QUESTIONS & CHALLENGES

  • What happens in the background when rendering in Quarto, why can’t the website be deployed just from the GitHub website? Is it to establish the “docs” folder when doing it locally, because there was an error where the folder didn’t exist when trying to publish the portfolio just from the website.
  • Need more practice with understanding local and GitHub file structures and how they relate to one another as well as R functions.
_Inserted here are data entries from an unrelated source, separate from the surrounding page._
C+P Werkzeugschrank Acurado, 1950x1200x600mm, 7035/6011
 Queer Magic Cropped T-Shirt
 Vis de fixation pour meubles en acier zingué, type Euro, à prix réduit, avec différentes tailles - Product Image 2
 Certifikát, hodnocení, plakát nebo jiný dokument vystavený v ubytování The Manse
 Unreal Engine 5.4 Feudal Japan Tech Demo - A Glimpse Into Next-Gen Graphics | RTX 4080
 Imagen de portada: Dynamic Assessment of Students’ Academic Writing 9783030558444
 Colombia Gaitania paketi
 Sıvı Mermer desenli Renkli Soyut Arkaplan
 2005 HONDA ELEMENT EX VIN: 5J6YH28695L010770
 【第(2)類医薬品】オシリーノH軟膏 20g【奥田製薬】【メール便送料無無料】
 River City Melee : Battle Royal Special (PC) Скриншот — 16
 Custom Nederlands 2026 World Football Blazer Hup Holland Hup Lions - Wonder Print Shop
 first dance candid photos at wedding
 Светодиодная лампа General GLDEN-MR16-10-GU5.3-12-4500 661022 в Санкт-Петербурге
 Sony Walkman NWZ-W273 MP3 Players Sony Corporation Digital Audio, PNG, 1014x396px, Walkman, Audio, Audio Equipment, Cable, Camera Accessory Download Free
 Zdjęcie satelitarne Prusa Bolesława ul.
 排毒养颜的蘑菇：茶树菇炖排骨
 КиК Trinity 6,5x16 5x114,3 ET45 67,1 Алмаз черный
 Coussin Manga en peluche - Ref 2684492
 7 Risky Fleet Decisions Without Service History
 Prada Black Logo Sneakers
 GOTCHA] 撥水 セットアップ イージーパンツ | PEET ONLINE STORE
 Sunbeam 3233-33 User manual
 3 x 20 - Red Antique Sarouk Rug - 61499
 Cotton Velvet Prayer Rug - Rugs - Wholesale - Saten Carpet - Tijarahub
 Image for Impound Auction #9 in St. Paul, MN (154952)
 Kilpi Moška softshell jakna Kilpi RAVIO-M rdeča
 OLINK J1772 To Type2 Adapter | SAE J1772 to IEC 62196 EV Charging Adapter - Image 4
There’s a basic understanding with coding syntax and semantics, but what complexities occur in the background with data storage and the abstractness of it?

CONNECTIONS TO POLICY

  • There’s a great potential for using predictive analytics to provide useful information and turn it into public-serving action, but they’re also tools that can be purposefully or unintentionally misused to exacerbate biases and existing social stratification, like predictive analytics for crime and policing.
  • Data science is useful for cleaning raw data, which will inevitably be collected in massive numbers due to the inherently large nature of cities and people.

REFLECTION

  • The most interesting part was adjusting and troubleshooting conflicts and errors encountered with GitHub, R, and Markdown, which is integral to real-life circumstances using data science tools.
  • Individually using GitHub will provide the skills to collaboratively work on it with others, because applying these skills is often done in a group due to the collective nature of public and urban policy, and if not in a group, it will inevitably be shared with an audience.
  • Trial and error is central to learning programming languages and holistically understanding how different data, files, and functions tie-in and work together. When coming across issues with getting the notes page to publish and show, much of the journey was adjusting file locations and syntax around the .qmd and .yml files.